Colocalization of outflow segmentation and pores along the inner wall of Schlemm's canal.
All aqueous humor draining through the conventional outflow pathway must cross the endothelium of Schlemm's canal (SC), likely by passing through micron-sized transendothelial pores. SC pores are non-uniformly distributed along the inner wall endothelium, but it is unclear how the distribution of pores relates to the non-uniform or segmental distribution of aqueous humor outflow through the trabecular meshwork. It is hypothesized that regions in the juxtacanalicular tissue (JCT) with higher local outflow should coincide with regions of greater inner wall pore density compared to JCT regions with lower outflow. Three pairs of non-glaucomatous human donor eyes were perfused at 8 mmHg with fluorescent tracer nanospheres to decorate local patterns of outflow segmentation through the JCT. The inner wall was stained for CD31 and/or vimentin and imaged en face using confocal and scanning electron microscopy (SEM). Confocal and SEM images were spatially registered to examine the spatial relationship between inner wall pore density and tracer intensity in the underlying JCT. For each eye, tracer intensity, pore density (n) and pore diameter (D) (for both transcellular "I" and paracellular "B" pores) were measured in 4-7 regions of interest (ROIs; 50 × 150 μm each).
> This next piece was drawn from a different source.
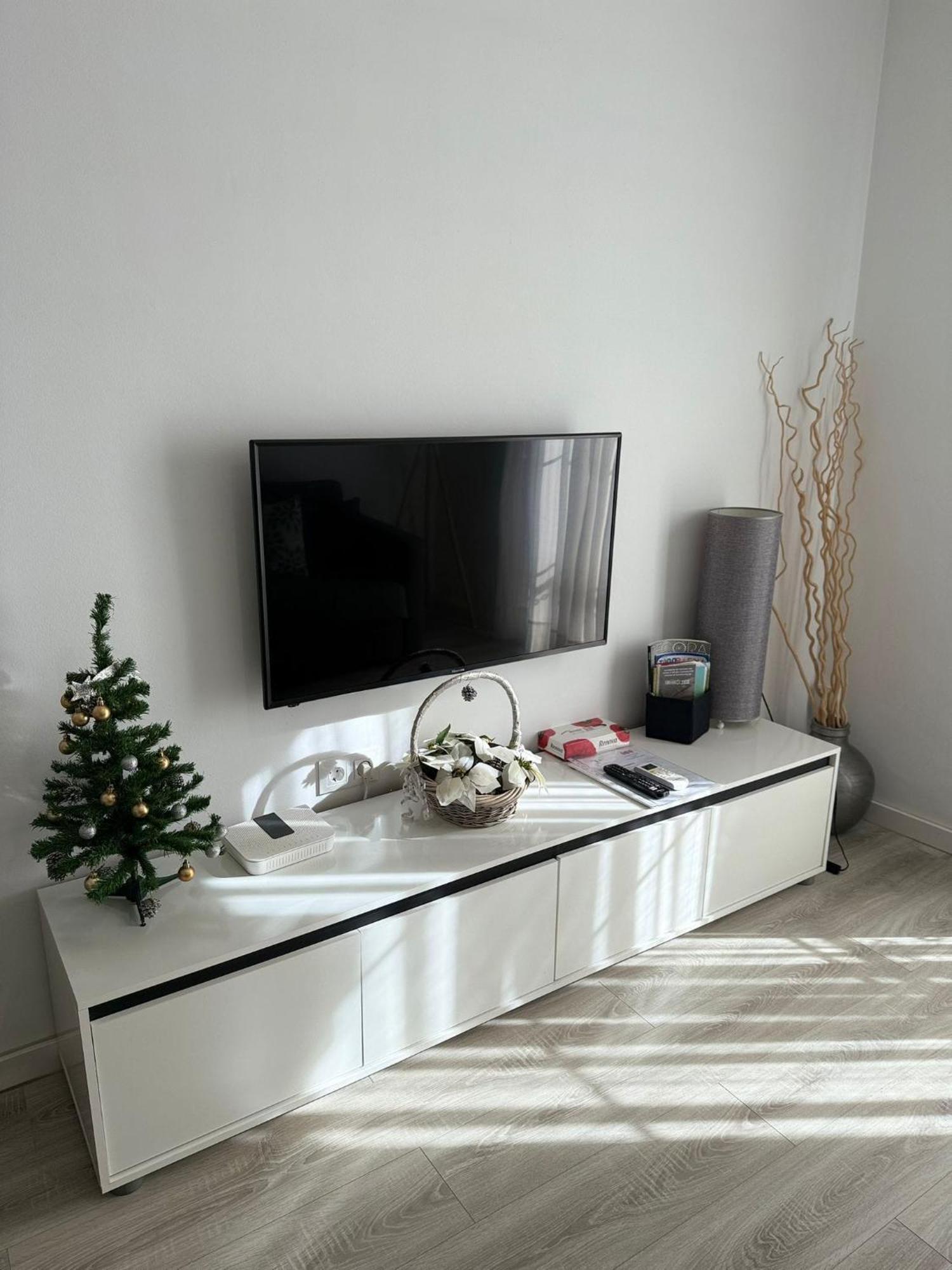 Apartamento Vega Baena Buitenkant foto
Analysis of covariance was used to examine the relationship between tracer intensity and pore density, as well as the relationship between tracer intensity and three pore metrics (nD, nD(2) and nD(3)) that represent the local hydraulic conductivity of the outflow pathway as predicted by various hydrodynamic models. Tracer intensity in the JCT correlated positively with local pore density when considering total pores (p = 0.044) and paracellular B pores on their own (p = 0.016), but not transcellular I-pores on their own (p = 0.54). Local hydraulic conductivity as predicted by the three hydrodynamic models all showed a significant positive correlation with tracer intensity when considering total pores and B-pores (p < 0.0015 and p < 10(-4)) but not I-pores (p > 0.38). These data suggest that aqueous humor passes through micron-sized pores in the inner wall endothelium of SC. Paracellular B-pores appear to have a dominant contribution towards transendothelial filtration across the inner wall relative to transcellular I-pores. Impaired pore formation, as previously described in glaucomatous SC cells, may thereby contribute to greater outflow heterogeneity, outflow obstruction, and IOP elevation in glaucoma.